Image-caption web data
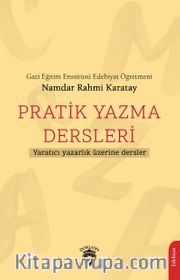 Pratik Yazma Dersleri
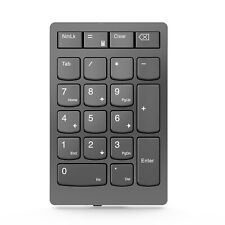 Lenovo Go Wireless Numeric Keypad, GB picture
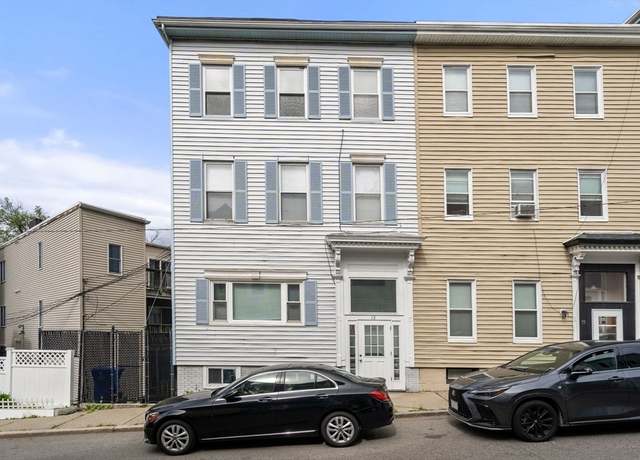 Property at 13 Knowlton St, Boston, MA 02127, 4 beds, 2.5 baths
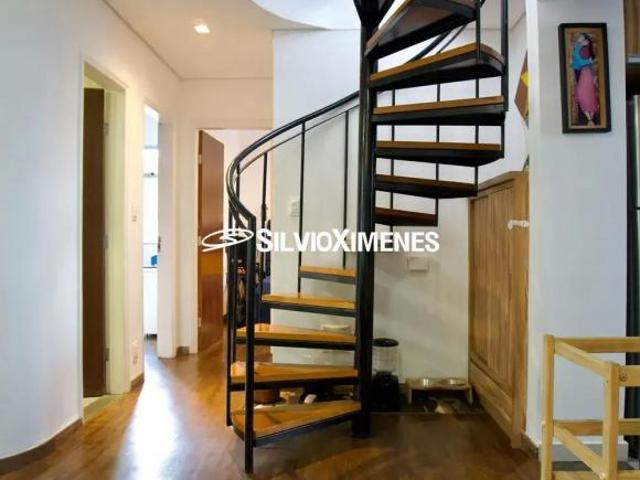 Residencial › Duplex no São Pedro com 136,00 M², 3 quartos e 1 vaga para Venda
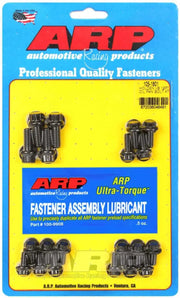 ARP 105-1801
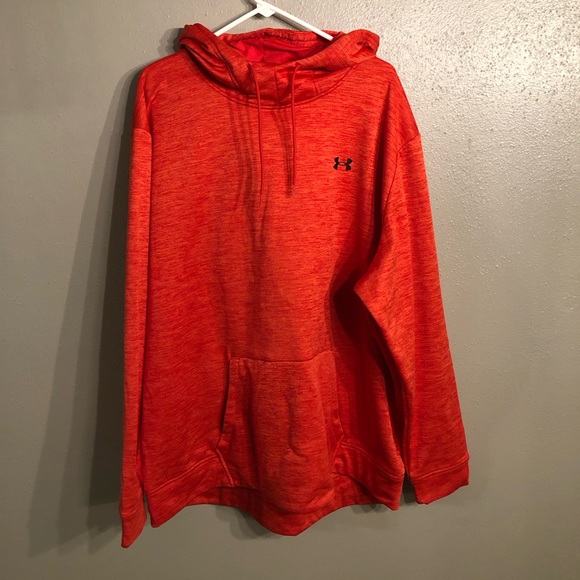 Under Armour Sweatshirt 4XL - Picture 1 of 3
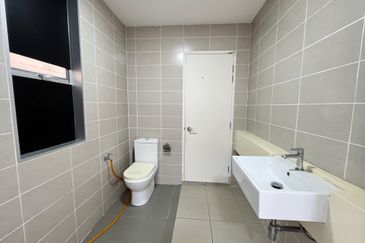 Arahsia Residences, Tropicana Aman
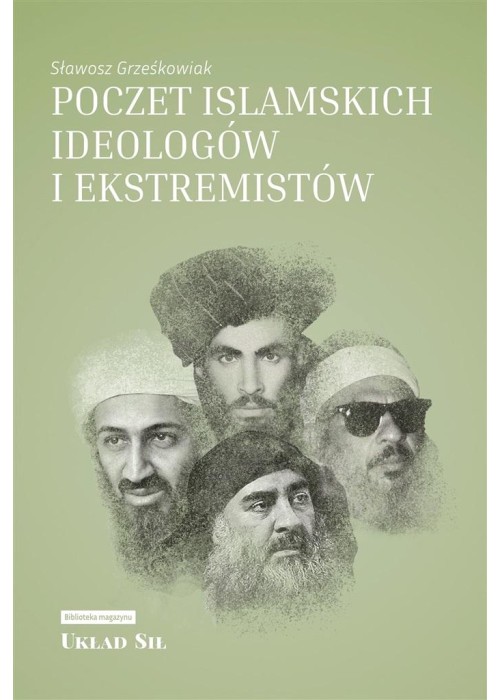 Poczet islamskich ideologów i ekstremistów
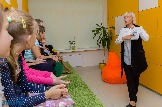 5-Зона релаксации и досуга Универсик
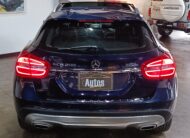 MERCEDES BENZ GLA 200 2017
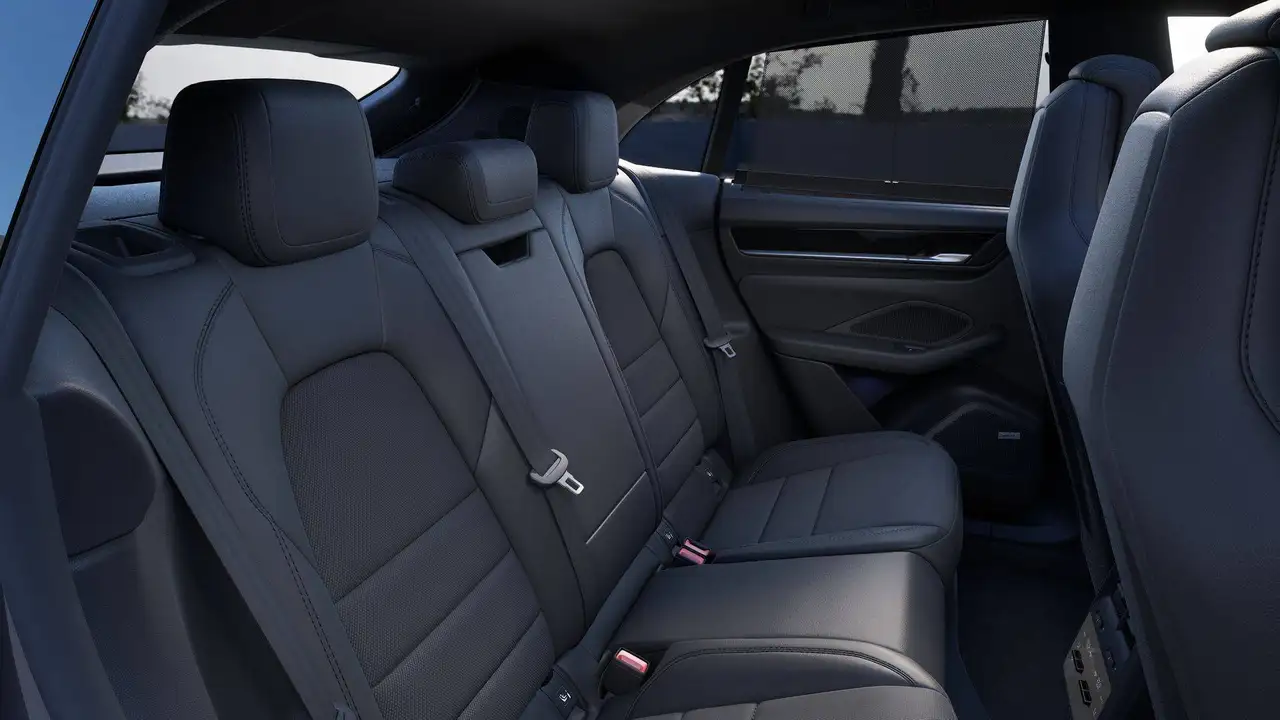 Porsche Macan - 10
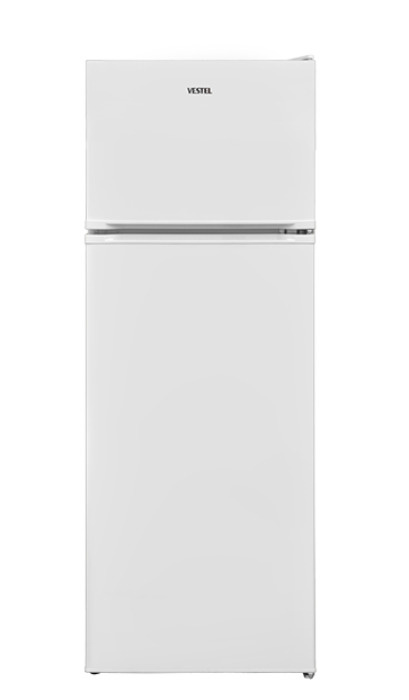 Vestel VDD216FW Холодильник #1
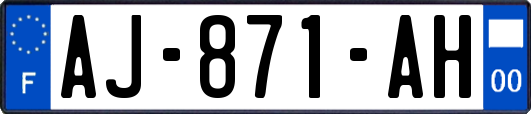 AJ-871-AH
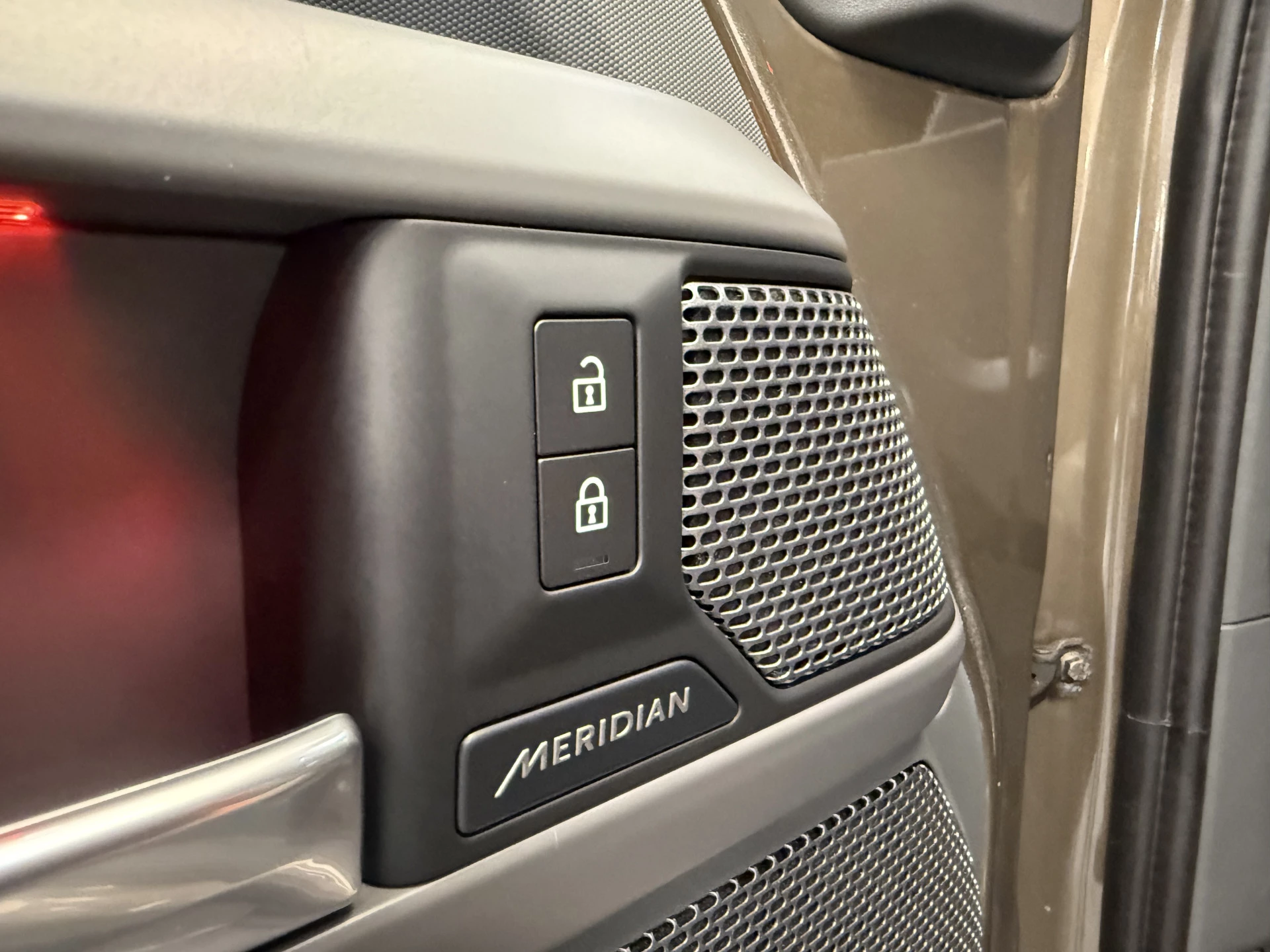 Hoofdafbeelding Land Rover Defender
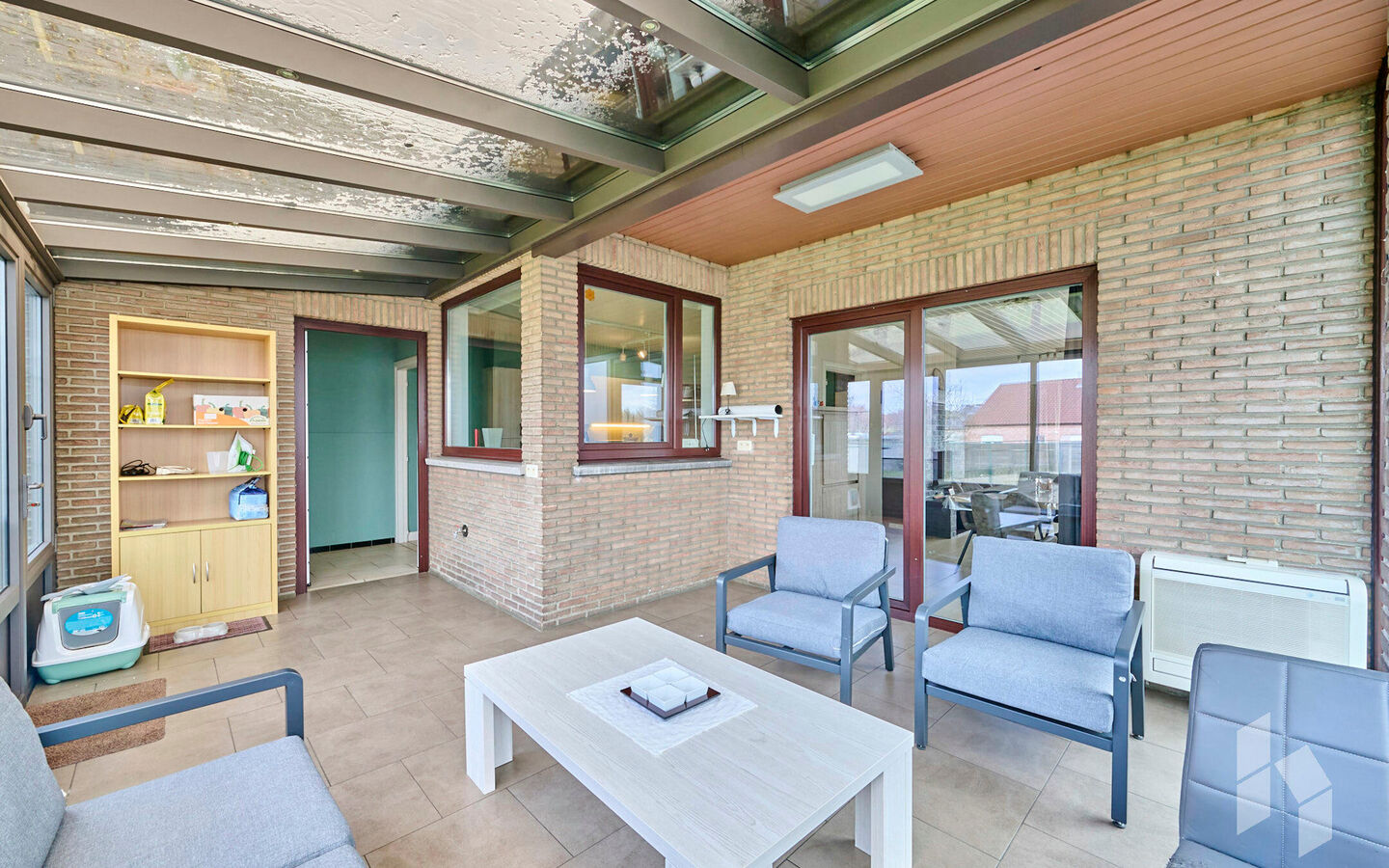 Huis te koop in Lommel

▶ _WHAT TO PRODUCE_:
The answer must be an exact copy of the lines from the one containing "Poczet islamskich ideologów i ekstremistów" through the last line of the records, and nothing else. Pictures do not belong in it.

▶ _SOLUTION TO THIS TASK_:
 Poczet islamskich ideologów i ekstremistów
 5-Зона релаксации и досуга Универсик
 MERCEDES BENZ GLA 200 2017
 Porsche Macan - 10
 Vestel VDD216FW Холодильник #1
 AJ-871-AH
 Hoofdafbeelding Land Rover Defender
 Huis te koop in Lommel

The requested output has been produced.